This week’s prompt was largely inspired by the beautiful Kundiman postcard poems that we had the privilege of publishing in our first issue. Writing postcard poems can be a lovely exercise in multiple respects. They are, by nature, short, which is a challenge in and of itself. Furthermore, they are handwritten, and in some cases, hand-illustrated, too. The detail and attention that drafting them requires can add a dimension of intimacy to the finished product. Additionally, the fact that they are necessarily one-of-a-kind means that each postcard poem becomes a little one-off publication unto itself, and the card’s fragility and vulnerability to things like fingers and rain as it travels through the mail means that the piece that is received on the other end is always inscribed with a physical history of travel and transfer from hand-to-hand-to-hand. The exchange of postcard poems , furthermore, can be an excellent way to build community, inviting collaboration, response, and the incorporation of poetry on a micro-scale into the everyday correspondence of those who participate.
Experienced poets may find it satisfying enough to challenge themselves with the tiny spatial confines of a postcard, but I have also included a variation below that I’ve tried in the community/classroom setting with some success.
Prompt:
Create or find a postcard whose subject interests you (non-geographically specific subjects tend to work quite well). Decide upon a persona, or voice, and an addressee. From what space, place, or position is that postcard being written? How might this sense of positionality affect the speaker’s attitude towards the addressee, and thereby, the tone of his or her address? Write an epistolary poem on the back of the postcard, using the small rectangular writing space to shape your poem’s form.
Classroom Variation (“Wish You Were Here”):
Write a poem in the form of a postcard from an unusual location. When I’ve done this exercise with small groups in the past, I’ve come prepared with a handful of blank notecards on which strange, mundane, wacky , and/or otherwise non-geographical ‘locations’ have been pre-written (e.g. “The Bridge of George Washington’s Nose,” “The Back of the Refrigerator,” “The Library Dumpster,” “The Bee’s Knees,” “Inside Harry Potter’s Shoe,” “The Kitchen Table,” etc.). On the back side of each card, I’ll draw or print a “postcard” template (complete with spaces for mailing address and stamp, should the students decide to mail off their completed pieces). After introducing the concept of epistolary poems to the students and giving them a few examples, I allow them to choose a “postcard” featuring a location that interests them. The students are then given the chance to try writing a postcard poem on the back sides of their chosen cards. For younger or more artistically-inclined groups, adding an illustration on the blank front side of the card can also be fun.

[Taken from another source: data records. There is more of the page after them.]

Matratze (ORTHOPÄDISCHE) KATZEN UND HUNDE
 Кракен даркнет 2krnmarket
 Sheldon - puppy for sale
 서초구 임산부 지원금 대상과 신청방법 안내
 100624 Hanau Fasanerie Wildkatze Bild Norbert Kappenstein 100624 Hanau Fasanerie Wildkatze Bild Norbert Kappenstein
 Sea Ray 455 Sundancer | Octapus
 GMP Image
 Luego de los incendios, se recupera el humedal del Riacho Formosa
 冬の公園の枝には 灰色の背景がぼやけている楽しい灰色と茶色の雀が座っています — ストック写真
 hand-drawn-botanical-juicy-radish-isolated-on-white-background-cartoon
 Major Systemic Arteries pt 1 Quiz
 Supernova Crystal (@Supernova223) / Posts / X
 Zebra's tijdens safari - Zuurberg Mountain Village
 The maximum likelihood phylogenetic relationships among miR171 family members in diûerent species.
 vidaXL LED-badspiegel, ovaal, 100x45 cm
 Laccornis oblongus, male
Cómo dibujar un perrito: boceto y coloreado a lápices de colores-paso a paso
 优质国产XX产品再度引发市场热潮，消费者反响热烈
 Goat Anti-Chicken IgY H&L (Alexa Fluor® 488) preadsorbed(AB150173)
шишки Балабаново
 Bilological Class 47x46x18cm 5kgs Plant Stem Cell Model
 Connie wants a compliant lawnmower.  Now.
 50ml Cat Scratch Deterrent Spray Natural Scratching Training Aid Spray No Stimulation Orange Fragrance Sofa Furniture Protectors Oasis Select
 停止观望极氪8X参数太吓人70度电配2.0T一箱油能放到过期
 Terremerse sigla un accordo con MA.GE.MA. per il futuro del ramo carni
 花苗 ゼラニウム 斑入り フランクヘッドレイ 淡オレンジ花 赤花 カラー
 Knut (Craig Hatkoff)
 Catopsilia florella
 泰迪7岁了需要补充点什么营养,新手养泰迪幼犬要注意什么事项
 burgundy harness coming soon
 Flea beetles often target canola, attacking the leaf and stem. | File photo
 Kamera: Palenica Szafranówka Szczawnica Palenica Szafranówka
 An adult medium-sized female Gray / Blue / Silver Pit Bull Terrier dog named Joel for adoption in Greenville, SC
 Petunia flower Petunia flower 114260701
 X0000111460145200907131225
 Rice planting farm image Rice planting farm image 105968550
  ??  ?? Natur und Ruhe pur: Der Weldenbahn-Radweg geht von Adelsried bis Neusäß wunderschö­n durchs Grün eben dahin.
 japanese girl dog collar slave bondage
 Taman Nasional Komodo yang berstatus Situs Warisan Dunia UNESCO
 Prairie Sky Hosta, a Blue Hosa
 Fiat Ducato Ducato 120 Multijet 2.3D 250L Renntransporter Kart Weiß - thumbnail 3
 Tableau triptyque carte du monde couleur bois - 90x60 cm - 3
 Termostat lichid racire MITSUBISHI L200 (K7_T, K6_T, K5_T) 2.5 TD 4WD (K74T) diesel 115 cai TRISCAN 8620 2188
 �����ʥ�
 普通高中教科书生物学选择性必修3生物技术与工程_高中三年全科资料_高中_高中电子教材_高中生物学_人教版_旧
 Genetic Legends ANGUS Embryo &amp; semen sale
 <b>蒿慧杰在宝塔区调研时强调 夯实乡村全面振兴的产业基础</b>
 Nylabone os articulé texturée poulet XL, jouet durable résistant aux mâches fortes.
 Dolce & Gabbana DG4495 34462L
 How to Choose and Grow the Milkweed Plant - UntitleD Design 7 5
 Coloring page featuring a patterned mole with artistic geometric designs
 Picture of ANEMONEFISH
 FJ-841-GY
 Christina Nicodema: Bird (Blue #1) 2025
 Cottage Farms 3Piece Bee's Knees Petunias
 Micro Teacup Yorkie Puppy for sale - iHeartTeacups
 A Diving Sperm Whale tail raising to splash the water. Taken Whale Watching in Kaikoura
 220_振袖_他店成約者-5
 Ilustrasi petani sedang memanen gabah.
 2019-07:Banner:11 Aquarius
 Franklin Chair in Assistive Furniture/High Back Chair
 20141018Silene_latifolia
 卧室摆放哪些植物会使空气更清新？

A colleague recently introduced me to American Sentences, a poetic form developed by Allen Ginsberg in the mid-1980’s as a response to the haiku. If haiku involved seventeen syllables down the page, he reasoned, American Sentences would be seventeen syllables across the page–an attempt to more accurately “Americanize” a form that had previously translated only roughly across the Pacific into the context of American poetry.
Like (rough) English approximations of the haiku, American Sentences work closely with concision of line and sharpness of detail. Unlike its literary predecessor, however, it is compressed into a single line of poetry and included a reference to a month and year (or alternatively, a location) rather than a season.
Seattle-based poet John Olson observes:
[American Sentences are] extremely vivid & detail-oriented, a la the haiku. Emphasis is on the image, rather than rhetoric, or lyricism. Unlike the haiku, however, which is a highly bastardized form in English, they’re more suited to the American idiom & so allow a greater range of natural expression. They don’t have the aesthetic stiffness of the haiku as they are practiced in English.
A few examples by Ginsberg:
Nov 1991 N.Y.
Put my tie on in a taxi, short of breath, rushing to meditate Tompkins Square Lower East Side N.Y.
Four skinheads stand in the streetlight rain chatting under an umbrella.
Prompt:
Write an American Sentence–or a series of American Sentences. Focus not only on features characteristic of the haiku, like precision of detail and careful use of word, but also on the cadence and rhythm of “American vernacular,” however you understand it.
If you want, play with dialect and/or accent, challenging the boundaries of what constitutes the “American” Sentence and contextualizing the form to linguistic realities specific to your experience or understanding of the “englishes” of America.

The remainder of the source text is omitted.